On June 19th, CVPR 2022 will be held soon.At this year's conference, the AMD AI R&D team from Beijing was once again selected for two papers - "Dynamic Sparse R-CNN" and "Dual Intersection Attention Learning for Fine-grained Visual Classification and Target Re-identification" (attached at the end of the paper download link).
This is the third consecutive year that the team has papers selected for CVPR, a top academic conference.Relying on cutting-edge research in the field of computer vision algorithms, the AMD AI R&D team continues to provide innovative application value for industries such as autonomous driving, smart cities, smart security, and smart retail, helping many customers served by the team to create leading Vitis AI full-stack solutions Program. STM8L101F3U6TR
Hong Qinghang, AMD Algorithm Intern (left)

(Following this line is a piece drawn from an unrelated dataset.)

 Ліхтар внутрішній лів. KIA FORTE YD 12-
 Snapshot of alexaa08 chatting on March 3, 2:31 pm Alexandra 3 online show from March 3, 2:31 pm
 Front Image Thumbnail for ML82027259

Liu Fengming, AMD Algorithm Intern (right)
Sparse R-CNN is a recent high-performance object detector that predicts learnable sparse candidate boxes and candidate features without anchors or reference points.In the paper, the team proposed two dynamic strategies to improve Sparse R-CNN.
• First, Sparse R-CNN uses a one-to-one label assignment scheme, that is, uses the Hungarian algorithm to assign a positive sample to each GT. Therefore, we propose a dynamic label assignment algorithm, which assigns each GT Multiple positive samples, and gradually increase the number of positive samples in the cascade structure.
• Second, during inference, Sparse R-CNN keeps the initial candidate boxes and features unchanged for different input images.Inspired by dynamic convolution, this paper proposes a dynamic candidate box generation algorithm, which optimizes the initial candidate box by dynamically combining multiple generators.
Experiments show that the Dynamic Sparse R-CNN detector proposed by the team can further improve the performance of Sparse R-CNN. Using ResNet-50 as the backbone network, Dynamic Sparse R-CNN obtained 47.2% AP on the COCO verification set, greatly surpassing Sparse R. -CNN 2.2 percentage points.
⬅️ Swipe left and right to see more pictures ➡️
⬇️Swipe up and down to see more content⬇️
This innovative approach offers numerous advantages:
• Can inherit the advantages of Sparse R-CNN, such as using learnable sparse candidate boxes, self-attention mechanism to associate different candidate boxes, etc.;
• Most mainstream Transformer based detectors use a one-to-one label assignment scheme, that is, use the Hungarian algorithm to assign a positive sample to each GT, which may not be efficient enough for optimizing the detector.Inspired by the optimal transfer theory, the method in this paper assigns multiple positive samples to each GT, and gradually increases the number of positive samples in the cascade structure.Experiments show that this dynamic label assignment algorithm can bring significant accuracy improvements.
• The candidate frame set learned by Sparse R-CNN represents the statistical information of the possible location of the training set target, which is fixed for the specific test image.Inspired by dynamic convolution, this method optimizes the initial candidate box by dynamically combining multiple generators, so that the candidate box is adaptive for different input images, thereby further improving the detection accuracy.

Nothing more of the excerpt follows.